| Supplied data |
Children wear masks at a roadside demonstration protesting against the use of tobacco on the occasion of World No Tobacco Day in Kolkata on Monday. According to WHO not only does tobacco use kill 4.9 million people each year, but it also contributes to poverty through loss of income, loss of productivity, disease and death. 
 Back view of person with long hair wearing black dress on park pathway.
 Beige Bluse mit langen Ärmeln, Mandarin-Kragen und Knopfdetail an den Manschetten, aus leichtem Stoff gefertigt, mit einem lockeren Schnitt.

| Description of the task |
Give the data again in full, keeping every line as it was.

| Response to this task |
Children wear masks at a roadside demonstration protesting against the use of tobacco on the occasion of World No Tobacco Day in Kolkata on Monday. According to WHO not only does tobacco use kill 4.9 million people each year, but it also contributes to poverty through loss of income, loss of productivity, disease and death. 
 Back view of person with long hair wearing black dress on park pathway.
 Beige Bluse mit langen Ärmeln, Mandarin-Kragen und Knopfdetail an den Manschetten, aus leichtem Stoff gefertigt, mit einem lockeren Schnitt.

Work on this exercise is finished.